By Dugan Arnett
The Kansas City Star.
Leslie Cunningham always loved the bustle of a workday.
As a teacher at Blue Valley Montessori School, she thrived in her day-to-day dealings with a room full of prekindergarten children. She liked her co-workers, the relationships forged between them, getting to know her students’ families.
So when she became pregnant with her first child in 2010, Cunningham had no plans of giving up her job.”I always assumed I would continue working full time,” said Cunningham, who spent 10 years at the school. “I always felt bad for stay-at-home moms. I’m the kind of person who needs structure and the satisfaction of a really productive workday.”
Within a year after the birth of their first child, however, she and her husband decided to give up that second income — becoming part of the reversal in a long-term historical trend.
According to a Pew Research Center study released Tuesday, 29 percent of mothers did not work outside the home in 2012, a jump from the modern-era low of 23 percent in 1999.
A nearly 30-year trend until 2000 had seen more women, including mothers, entering the workplace.
“I think it’s striking that after many decades of rising participation in the workplace by mothers, now we’re seeing a bit of a turnaround,” said D’Vera Cohn, who served as an author of the report. “Since 2000, we’ve seen an increase in the number and share of mothers who are at home.

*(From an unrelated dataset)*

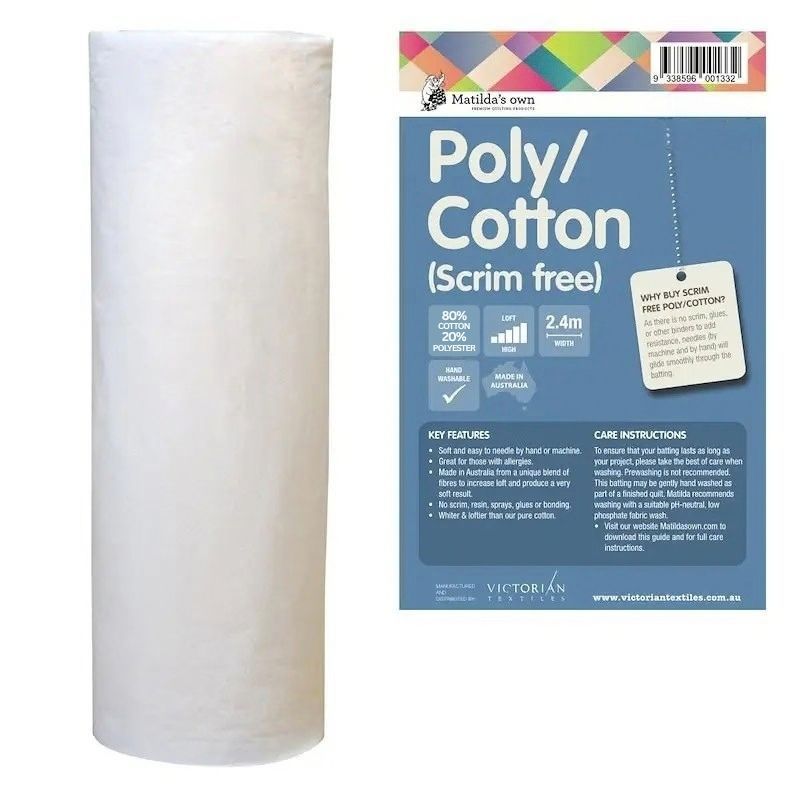 Matilda's Own | 80% Cotton, 20% Poly Blend Batting (Scrim Free) | 122" wide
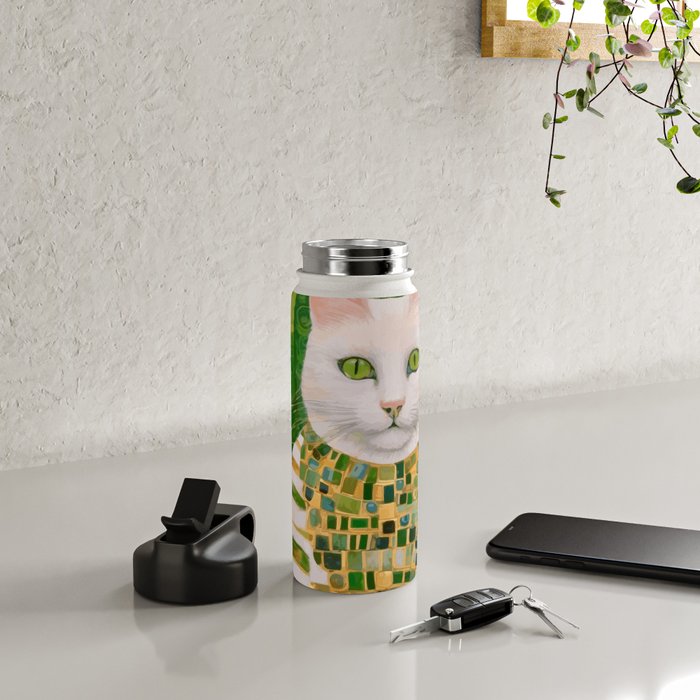 Klimt White Cat with Green Eyes Water Bottle Gallery Image 4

“And that not only has implications for the economy, but also for the day-to-day lives of the children.”
The economy is suspected as a major factor, as many women struggled to find employment even after a harsh recession eased.

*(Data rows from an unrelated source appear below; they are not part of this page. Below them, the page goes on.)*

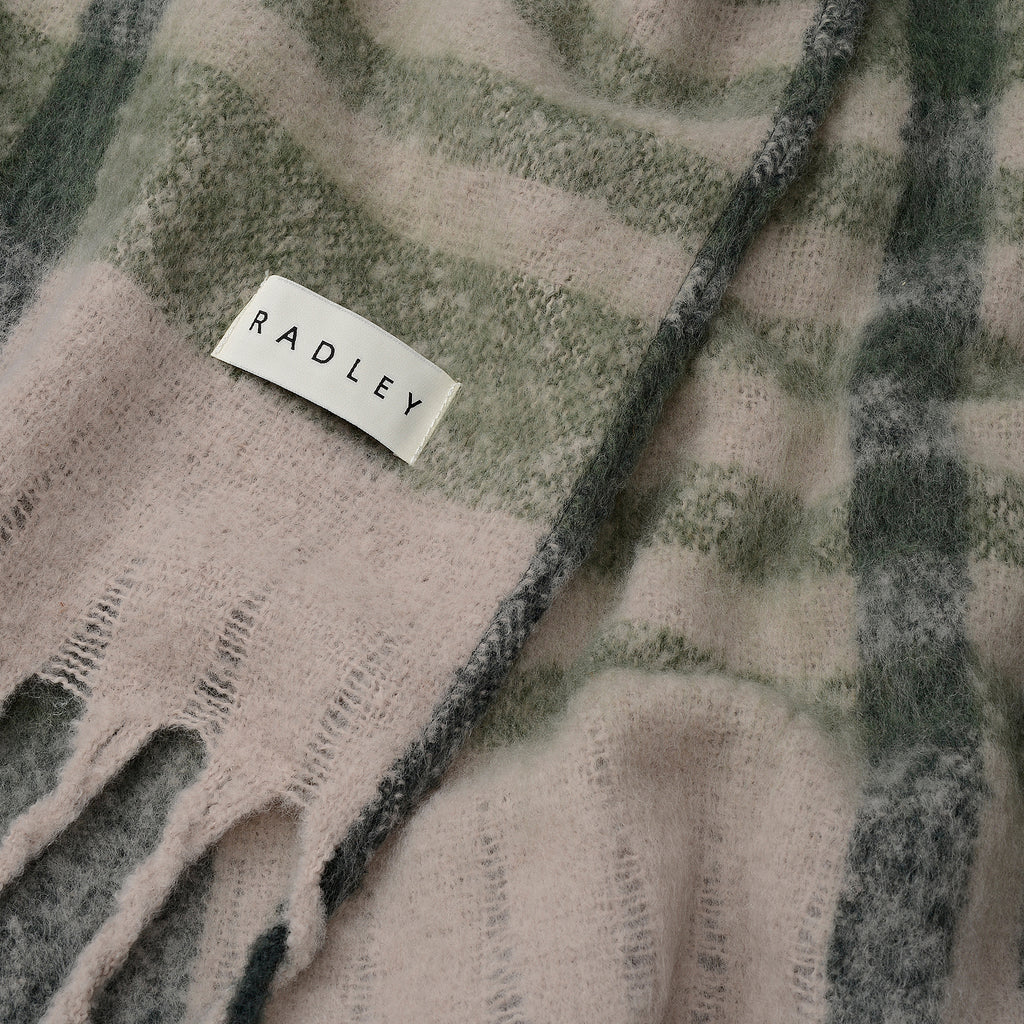 Radley Check Fabric Poncho in Porcini - 112492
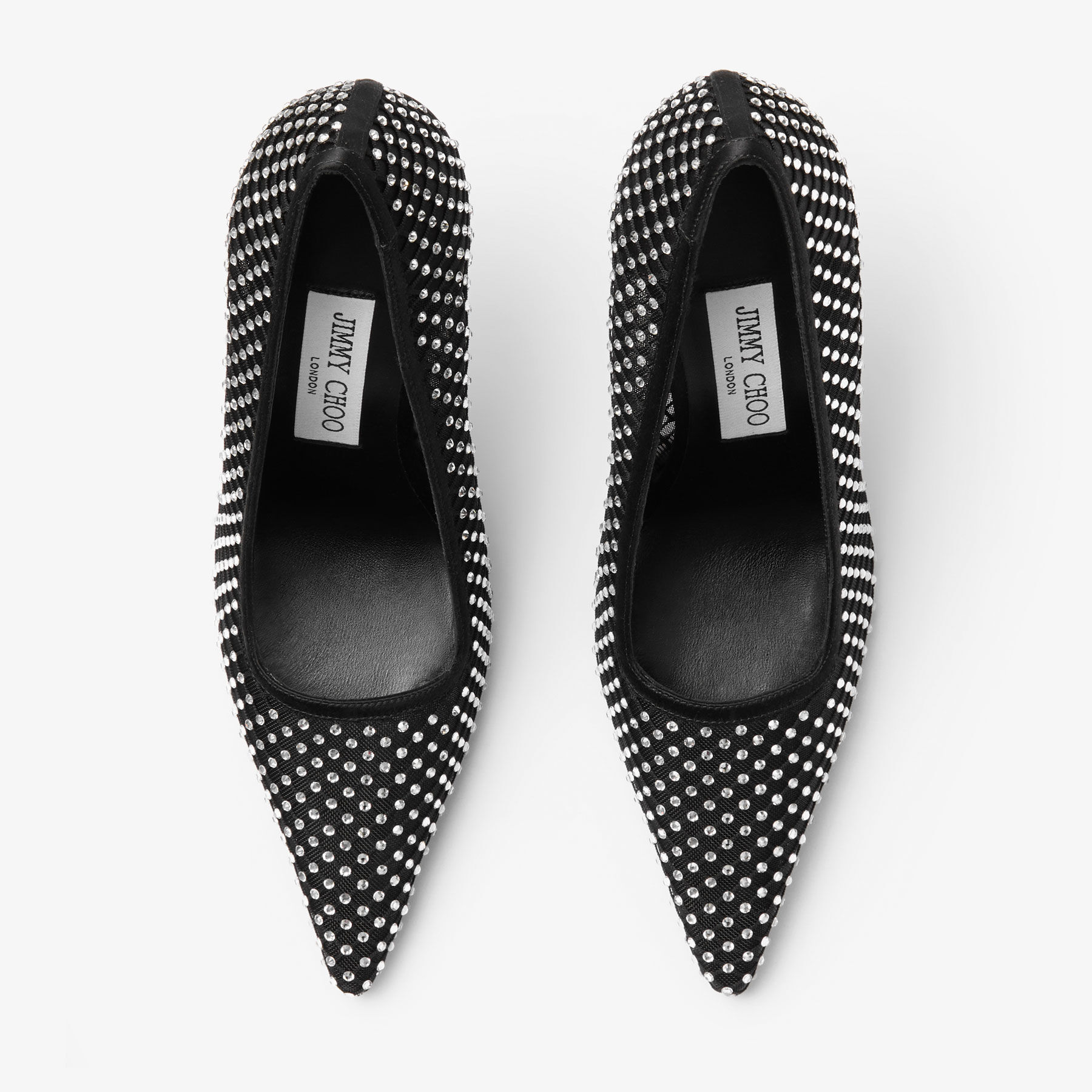 Ixia 95 | Black Satin Crystal Mesh Pumps | JIMMY CHOO Ixia 95 | Black Satin Crystal Mesh Pumps | JIMMY CHOO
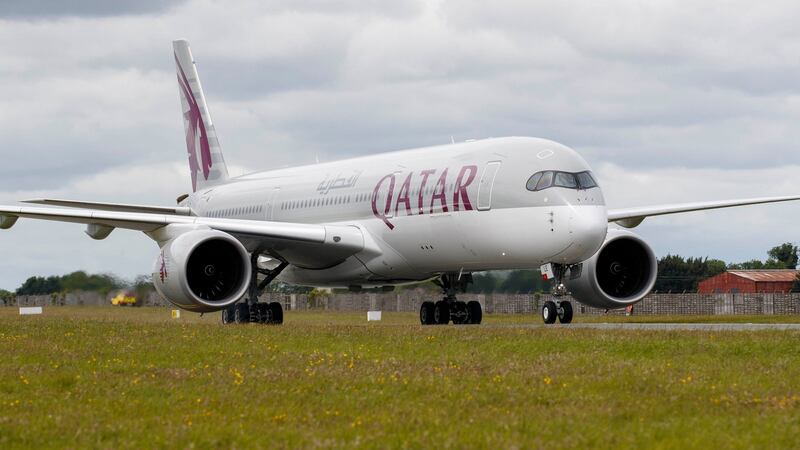 A Qatar Airways Airbus A350  lands at Dublin Airport for the launch of the inaugural Dublin to Doha route. Photograph:  Andres Poveda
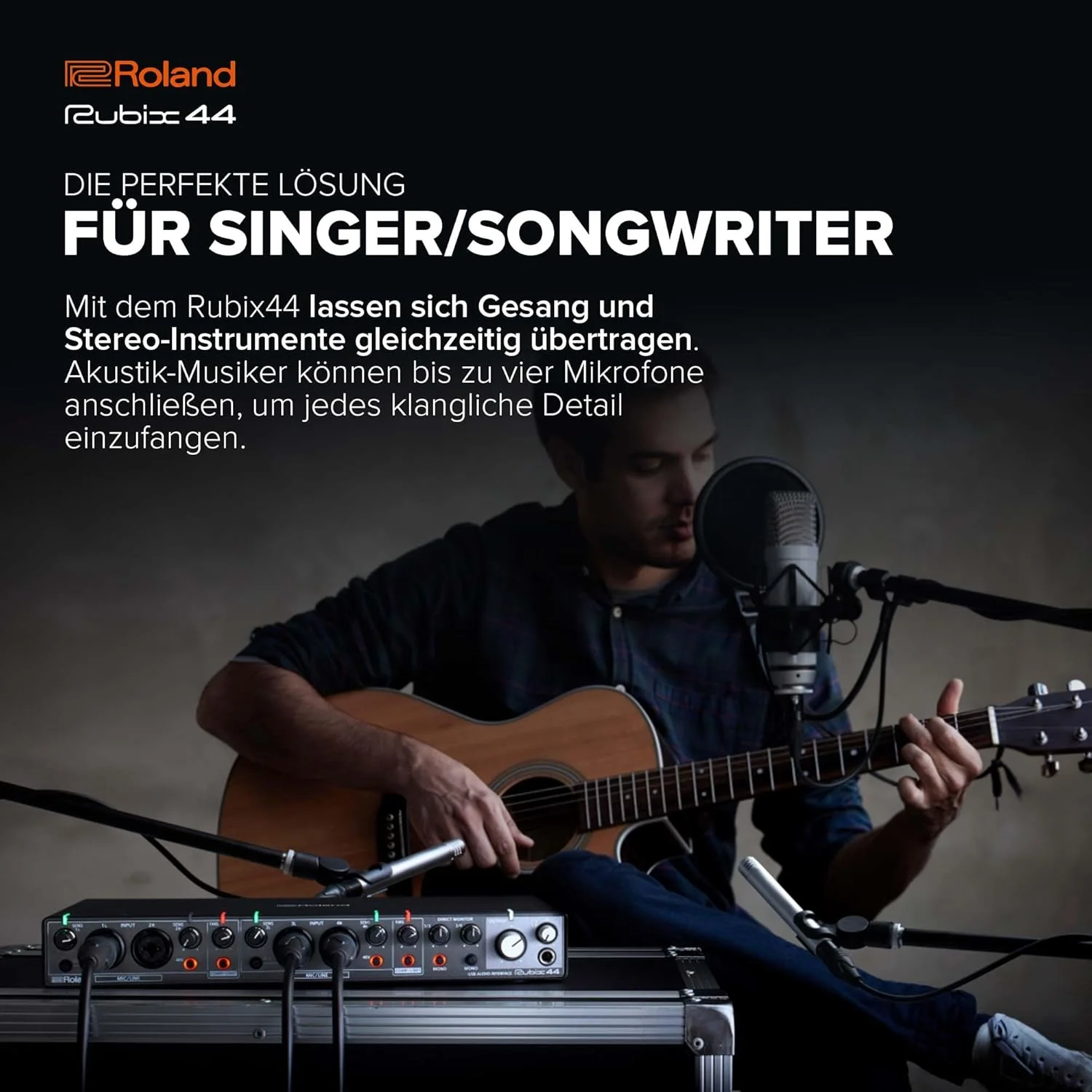 اینترفیس صوتی USB رولند Rubix44 با 4 ورودی/4 خروجی | کیفیت صوتی با وضوح بالا | ضبط میکروفون، گیتار، کیبورد و موارد دیگر | ساختار فشرده و مستحکم | سازگار با مک، کامپیوتر و آیپد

Another factor is the rising cost of childcare. When Cunningham was weighing the decision to leave the workforce, she realized that day care costs would be a major factor.

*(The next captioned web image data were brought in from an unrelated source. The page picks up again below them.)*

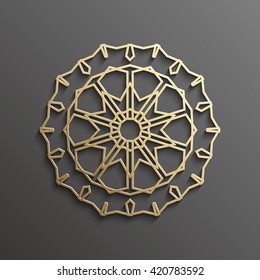 Islamic 3d gold on dark mandala round ornament background architectural muslim texture design . Can be used for brochures invitations,persian motif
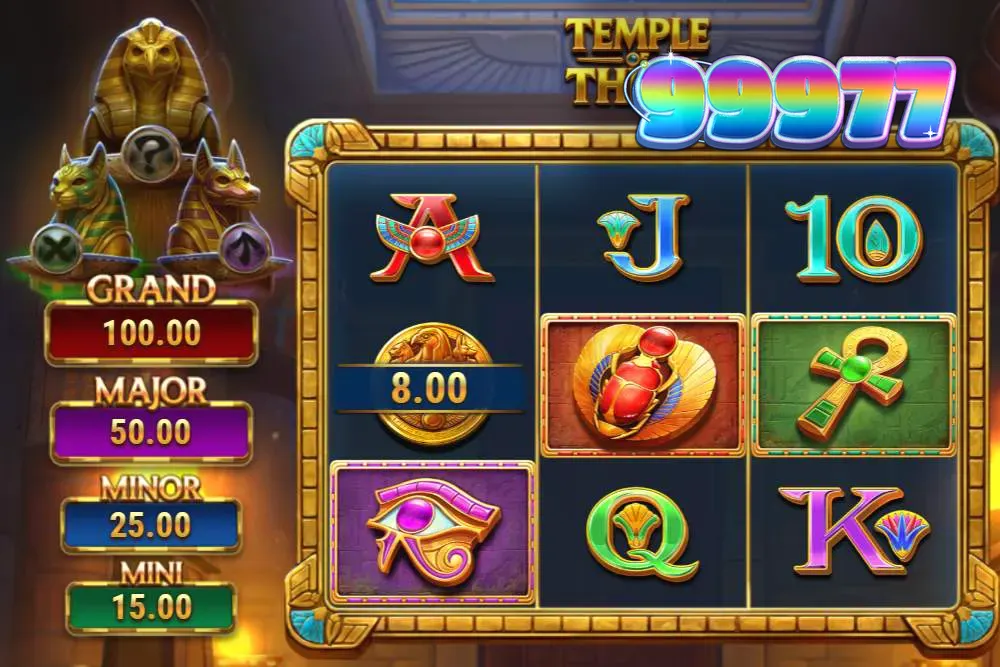 Interface do slot Temple of Three em um dispositivo móvel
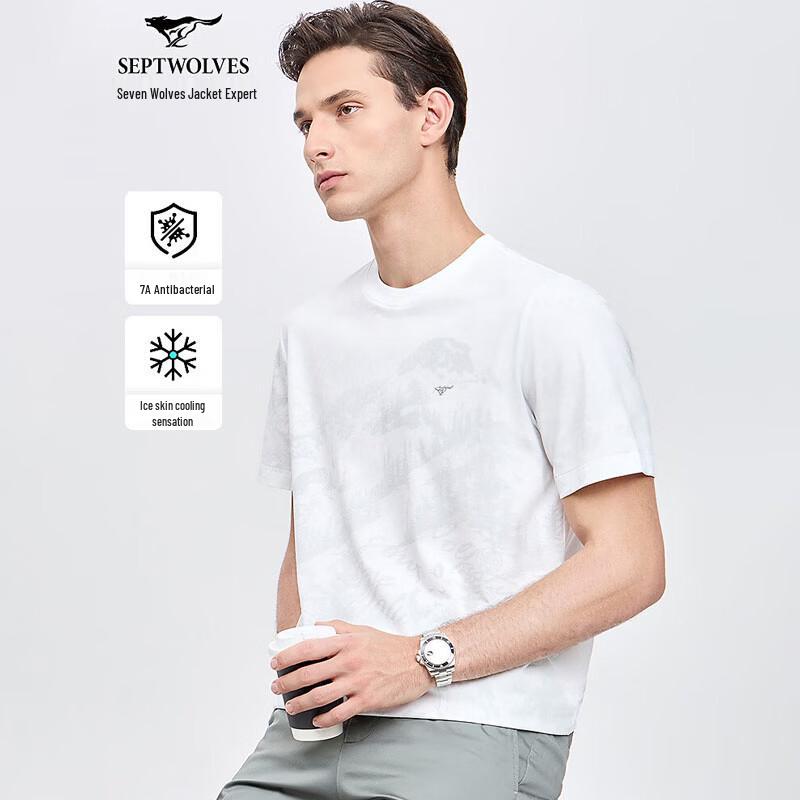 

SEPTWOLVES Men s Skin-Friendly High Cotton Round Neck T-Shirt XXXXL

“Every ounce of what I made would go to day care — just to house my children for the day,” she said.
The study, which included U.S. census and survey data, delves into some of the factors involved in the recent shift. The country’s recent economic struggles have certainly been a factor — 6 percent of mothers in 2012 said they weren’t working because of an inability to find jobs, up from 1 percent in 2000.
In the study, the stay-at-home-mother population includes single mothers, those who are disabled and those who are students, among others.
Cohn points out that mothers who are less well-off make up a significant portion of the group — not just the affluent mothers typically associated with stay-at-home motherhood. A third of stay-at-home moms are at the poverty level.
Additionally, the study found that 25 percent of stay-at-home mothers in 2012 had college degrees, up from 7 percent in 1970.
In Kansas City, stay-at-home mothers cite a number of reasons for their arrangement, from monetary to philosophical to a growing acceptance of a mother’s choice to be there for every moment of her child’s upbringing.
“In the past, women were expected to work outside the home and almost made to feel like less if we didn’t,” said Arika Ledom, a Johnson County mother of two who stays home to raise her kids. “Like raising our children wasn’t an important enough job on its own.”
Without question, childcare costs have also played a role.
Multiple mothers interviewed by The Star on Tuesday said that, after calculating expenses, they found that staying home with their children would actually be cheaper than continuing to work and funneling money into a pricey day care each month.
Even if there is a financial hit, meanwhile, many families have taken steps to alleviate the strain.
Some have moved into smaller homes to facilitate a single income. Others have made lifestyle changes, shopping at discount grocery stores or eating out less.
“We adjusted our budget, and it’s not that difficult,” said Mandi Pollard, an Independence mother of two whose husband works as a project manager for a heating and cooling company. “I don’t have to buy work clothes or gas as much. We eat at home a lot more.
“There are ways to balance it.”
The most common answer, though, is also the most obvious: They like being there to raise their children, even if it means living a bit more frugally.
Of the married mothers with working husbands included in the Pew study, 85 percent said they were not employed so that they could care for their family, a sentiment echoed by a slew of local mothers.
Emily McQuillen had always planned to be a stay-at-home mother, and after she and her husband had their first child in 2012, she got her wish. Instead of hearing about her child’s milestones from a teacher or day care provider, she would be able to witness them first-hand.
“I would see my kids’ first steps, I would see their first words, I would be the one to see all that,” said McQuillen, a former preschool teacher. “And to me, as a parent, I want to be the first one to see everything.”
Still, as a growing number of mothers find themselves working inside the home, the adjustment can often take time — particularly for those who previously worked full time.
Although the transition to full-time mother has come naturally to some — “I ran a lounge, (so) it’s the same thing,” joked Pollard. “I’m up all night, people are screaming and throwing up” — it can also represent a significant adjustment.
After leaving her teaching job, Cunningham went through a kind of withdrawal period. Four or five months after leaving, she says, she still felt isolated, lonely. A woman without a routine.
As time passed, however, she began to warm to her new role. She filled the void with other things, planning out activities, teaching her son the alphabet and the planets.
“Since I’ve been home, it’s kind of like I look at it as a management job,” she said. “I manage all the finances, the kids, the schedule, the appointments, the household chores. And so I’ve gotten my structure back that way.”
Now the woman who once couldn’t fathom the idea of being a stay-at-home mom has a hard time envisioning anything else.
“I loved my job, I loved my co-workers, I mourned,” she said of leaving her career. “It was kind of like going through a breakup or a divorce.
“But as much as I missed them, it was the easiest decision I ever made.”